To Cast a Shadow – Winter’s Embrace (Kolony)

Thursday, 23rd June 2016
Rating: 7/10

The run-around in Goth metal bands is with always the singer. It’s never anyone else within the ranks. Like, for once, can their be a career-altering drummer switch? It’s a common refrain in our lovely little scene; up-and-coming Goth metal band ditches buxom beauty for another buxom beauty. It’s more of a time-honored tradition than anything. But look like to Norway for a reversal of the scenario. Promising Goth outfit To Cast a Shadow replaced female singer Gunnhild Huser with male vocalist Nils Stenmyren, thus properly altering the course of their career and subsequent new output, Winter’s Embrace.

The band’s 2011 In Memory Of was a hearty tug on swoon-infested heartstrings. It was, as you would expect, dramatic and suitably symphonic, traits that have been diminished on Winter’s Embrace. With Stenmyren out front, To Cast A Shadow has taken the shape of another like-minded band, Sinamore.

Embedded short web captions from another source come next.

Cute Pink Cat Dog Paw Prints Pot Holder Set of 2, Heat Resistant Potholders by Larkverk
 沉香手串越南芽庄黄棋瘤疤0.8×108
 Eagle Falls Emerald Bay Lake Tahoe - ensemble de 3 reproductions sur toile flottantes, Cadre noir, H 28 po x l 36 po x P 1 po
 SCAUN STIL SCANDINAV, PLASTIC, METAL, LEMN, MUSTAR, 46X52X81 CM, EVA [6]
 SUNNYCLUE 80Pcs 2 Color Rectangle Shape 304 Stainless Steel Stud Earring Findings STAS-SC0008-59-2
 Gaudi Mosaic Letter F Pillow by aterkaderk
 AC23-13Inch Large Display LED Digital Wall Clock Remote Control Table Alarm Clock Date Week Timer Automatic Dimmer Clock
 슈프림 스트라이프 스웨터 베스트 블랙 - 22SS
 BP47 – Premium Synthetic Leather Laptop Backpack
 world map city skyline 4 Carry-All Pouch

Like Sinamore, the use of ear-friendly male vocals (read: no grunts) keep matters in Sentenced territory, although no one can quite hold a candle to them. And like Sinamore (again), there’s an ample amount of easy, simplistic melodic guitar lines weaving their way around the album, as so found on “Into Oblivion” and the slow-burned “Devil’s Hand,” a song that emerges as the album’s best cut.

Stenmyren proves himself as a capable commodity, though, and while the removal of Huser makes To Cast a Shadow less like their contemporaries, it places them in no-man’s land territory. Winter’s Embrace doesn’t have the gusto or persuasion to that of its predecessor, which prompts the usual round of second-guessing: Was it necessary to make the change in the vocalist spot?